In X2, Janssen's depiction continues to work at Xavier's School, while her powers have slowly been growing unstable since the battle at Liberty Island. Following an assassination attempt on the President by a mutant, Nightcrawler, Jean and Storm are sent by Xavier to track him down. After Colonel William Stryker attacks the school and most of the mutants are forced to flee, Logan contacts Jean to pick him, Rogue, Iceman and Pyro up in Boston. Throughout the film, Jean shows a strong increase in her abilities. In the end, after rescuing the captured mutants with the help of Magneto and Mystique and fighting a brainwashed Cyclops, Jean is forced to unleash her fully developed powers when a dam bursts near the Blackbird. She creates a massive psychic barrier to hold back the entire wave of Alkali Lake while lifting the repaired Blackbird out of harm's way, seemingly dying in the process.

 
In X-Men: The Last Stand, Jean is overtaken by her Dark Phoenix persona. After being found alive by Scott (who vanishes soon after), Jean is brought back to the mansion, where Xavier reveals to a shocked Logan that due to the instability of Jean's powers, he created psychic barriers inside her mind to prevent her alternate personality, the destructive Phoenix, from taking over. Jean awakens shortly after with the Phoenix in control and starts kissing and seducing Logan. He resists her advances and tries to talk to the real Jean. Suddenly, Jean snaps back to her usual self. She and begs Logan to kill her before the Phoenix takes over, but he doesn't want to. The Phoenix takes control and knocks Logan out. She leaves the mansion for her childhood home where both the X-Men and the Brotherhood track her down; though Xavier attempts to placate Jean, the Phoenix takes over again and disintegrates Xavier, destroys most of the house, and joins the Brotherhood under Magneto. Jean watches the film's climactic battle sequence on Alcatraz Island between the X-Men and the military and the Brotherhood, but refuses to obey Magneto. After Magneto is defeated, the Phoenix devastates Alcatraz Island, wiping out the military and most of Magneto's army. Magneto and the X-Men escape while Logan stays behind to reach Jean, his healing factor keeping him from being vaporised completely. Jean temporarily regains control and begs Logan to save her; he stabs her fatally after telling her he loves her. She is buried on the school grounds next to the graves of Xavier and Scott. Haley Ramm also portrays a young Jean's first meeting with Charles Xavier and Magneto in a flashback at the beginning of the film taking place twenty years before the events of the first film.
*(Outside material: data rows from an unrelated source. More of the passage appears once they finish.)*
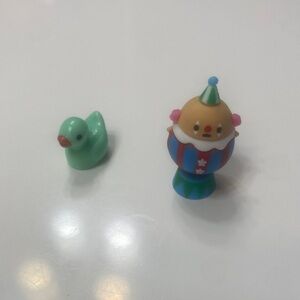 Smoko Tayto clown mini figure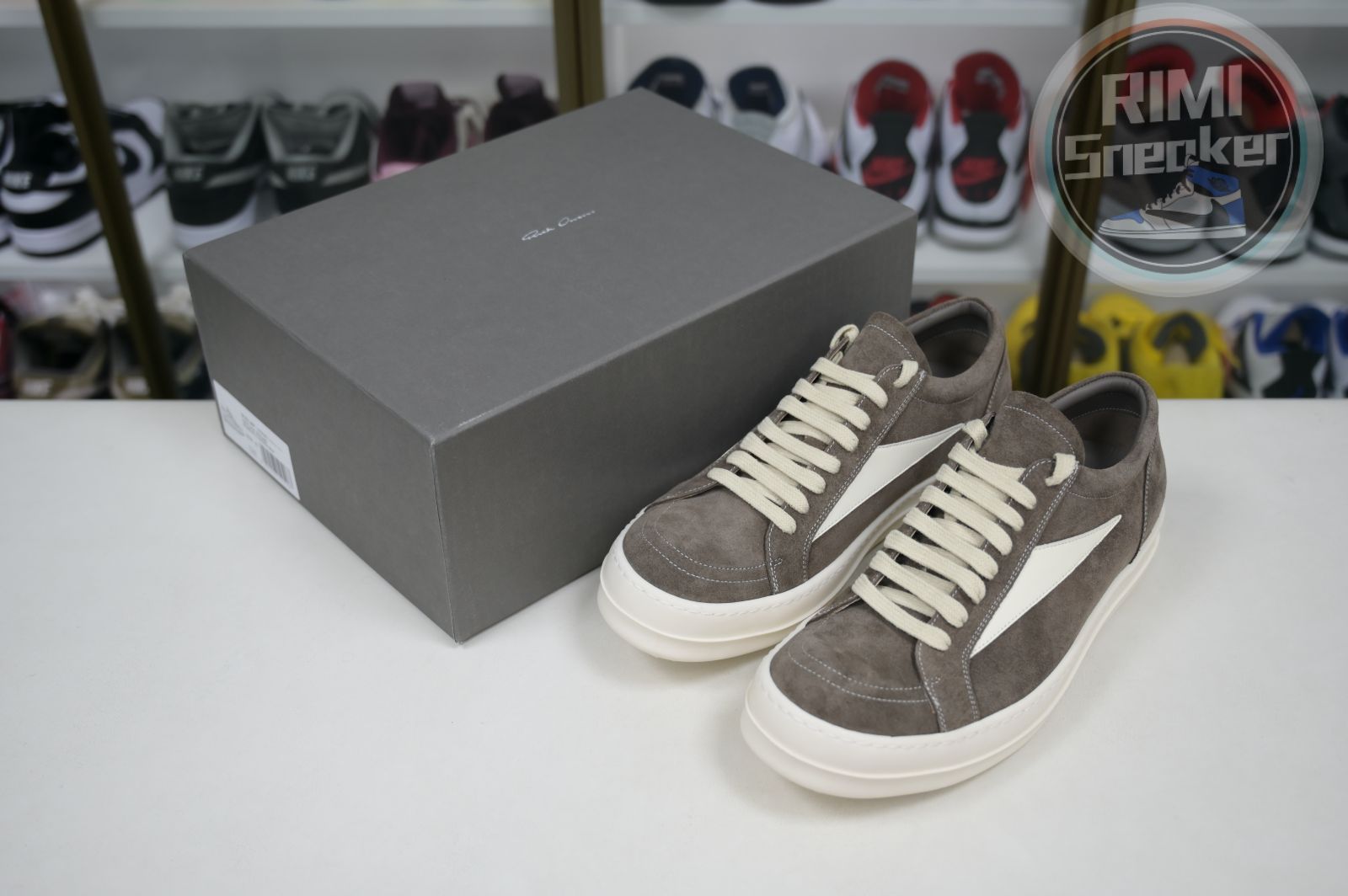 Rick Owens DRKSHDW Low Dark Dust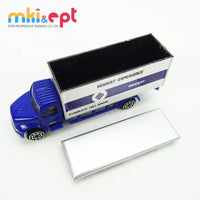 HKM-456211 Die-Cast Metal Toy Truck Model for Toddler - 1:64 Scale Vehicle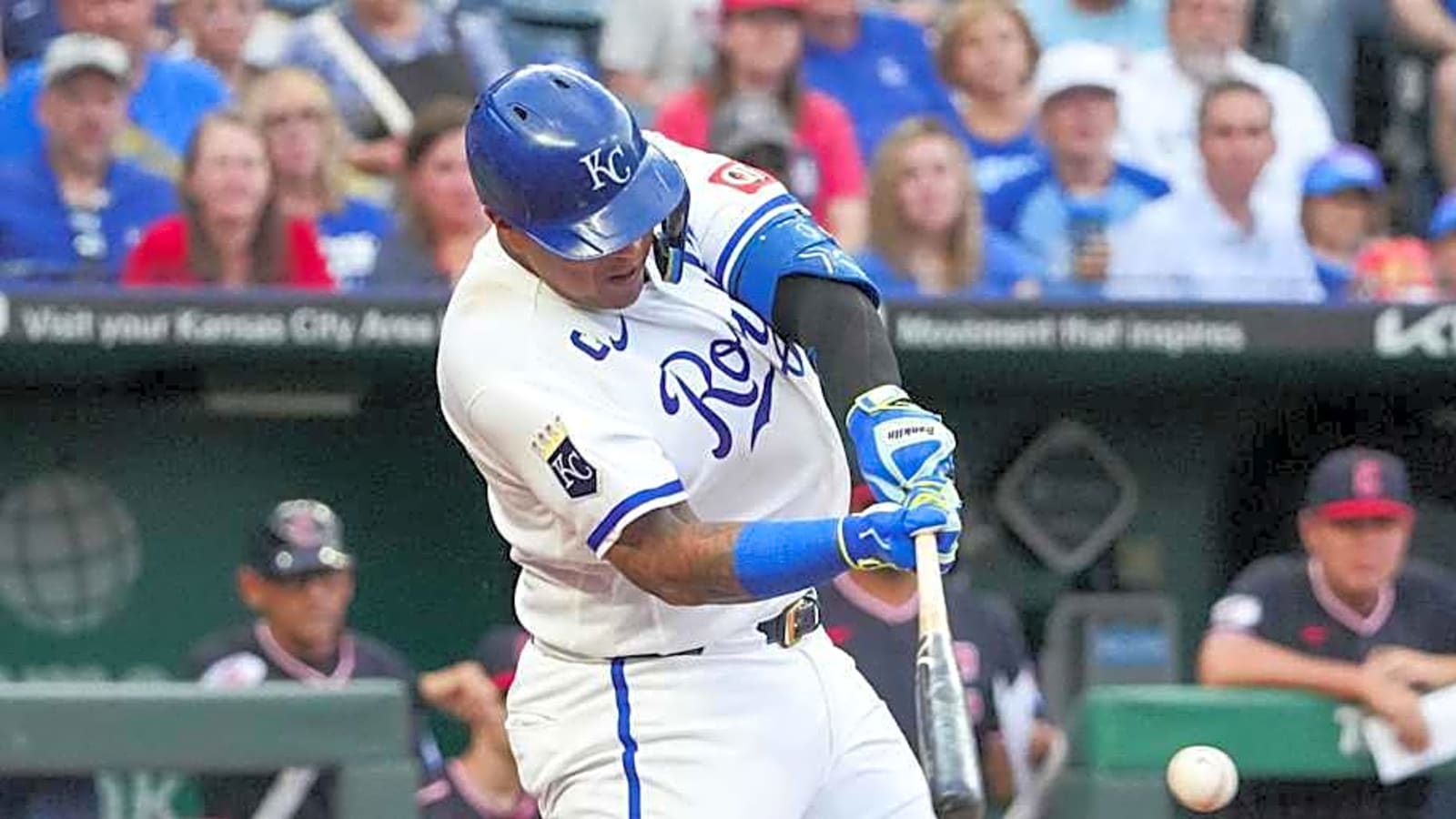 Is the Slow Start for Salvador Perez Regression or is Father Time Claiming another Player?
In The Wolverine, Logan continues to be haunted by dreams of his role in Jean's death. However, in the film's climax, after saving his new lover, Mariko Yashida, from the Silver Samurai, Logan has a final vision of Jean in which he finally lets go of her while telling her that he will always love her.

In X-Men: Days of Future Past, Jean is mentioned when the time-displaced Wolverine encourages the young Charles Xavier to later recruit Jean for the future team, along with Ororo Munroe and Scott, arguing that the good they accomplished outweighs the bad they experienced. Commentary in the film confirms that the young red-haired girl's identity in the field who was marveling at Magneto levitating the Robert F. Kennedy stadium was in fact her character as a young child. When the timeline reset, Logan is astonished to discover that Jean and Cyclops are alive and well in the new timeline, suggesting that the events of the original X-Men films played out very differently.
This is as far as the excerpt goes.